Figure 1. Sliding window
An anomaly function builds an internal catalog of patterns from the segments it captures. The function uses these patterns to match each segment to an existing pattern. For example, the KMeansAnomalyScore
function groups similar patterns
into categories over time. Then, for each new window, the function finds the closest pattern from its catalog. It subtracts the window signal from the category signal. The result is a noisy signal. The function has some built-in maximum and minimum
values based on a normal distribution. If any part of the noisy signal is outside of the normal levels, an anomaly is detected.
Table 1 displays a typical window size and minimum window size for each function. It also displays the minimum number of data points that are required to support the typical window size.
Anomaly function | Typical window size | Minimum window size | Minimum number of data points |
---|---|---|---|
FFTbasedGeneralizedAnomalyScore | 12 | 3 | 24 |
GeneralizedAnomalyScore | 12 | 6 | 24 |
KMeansAnomalyScore | 12 | 1 | 24 |
NoDataAnomalyScore | 12 | 6 | 24 |
SpectralAnomalyScore | 12 | 6 | 24 |
SaliencybasedGeneralizedAnomalyScore | 12 | 6 | 24 |
MatrixProfileAnomalyScore | 12 | 6 | 24 |
Cap the window size to the typical window size values. A small window size is preferable because you gather more patterns for analysis. However, if the volume of data points is small, the anomaly detector might not have enough data points to perform the analysis. For example, if you run a KmeansAnomalyScore function with only 12 data points and you set a window size of 12, the function has one segment of data points and nothing to compare this window to.

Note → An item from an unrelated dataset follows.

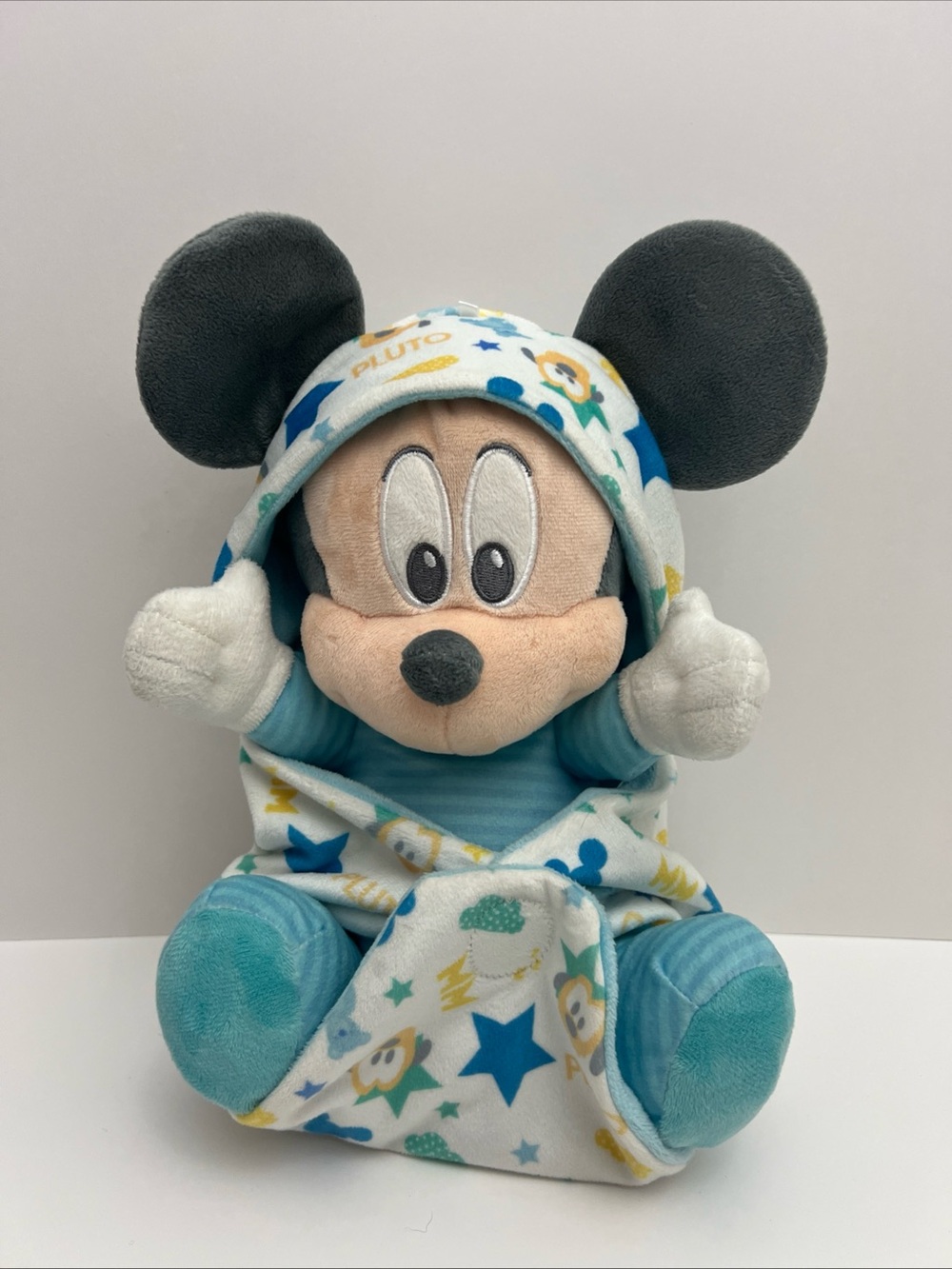 Disney Babies Mickey Mouse Plush w/ Pluto Baby Blanket Pouch Blue Disney Parks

A minimum number of data points must be available in a pipeline run for the anomaly detectors to work effectively. As a rule, the minimum number of data points per signal or pipeline run is to have at least twice the window size (see Table 1).
For an understanding of the impact that window size has on computational complexity, see Computational complexity of anomaly models.
Before you define the scheduling criteria for an anomaly function, identify the number of data points you expect for each pipeline run. The size of a pipeline run is determine by these factors:
Example:
Your devices are sending events roughly every 5 seconds. You schedule an anomaly function to run every 5 minutes as part of a pipeline run. You do not include historical data in your analysis. The pipeline for your device type typically completes within 5 minutes so no delay in the start of the next pipeline. The signal has approximately 60 data points. If the signal has 60 data points and the window size is 10, the anomaly function breaks the signal into 50 sliding windows.
Table 2 provides some guidance on how to set window size and configure the schedule parameters for anomaly functions based on the frequency of your data:
Data frequency | Window size | Historical data | Schedule: Critical data |
Schedule: Non-critical data |
---|---|---|---|---|
1 event per day | 12 data points | Last 24 days of data | Run once a day | Run every 12 days |
1 event per hour | 12 data points | Last 24 hours of data | Run once an hour | Run every 12 hours |
1 event per 5 min | 12 data points | Last 2 hours of data | Run every 5 minutes | Run every 60 minutes |
1 event per min | 12 data points | Last 1 hour of data | Run every 5 minutes | Run every 12 minutes |
Verify that the parameters you specify for anomaly models work well in your environment.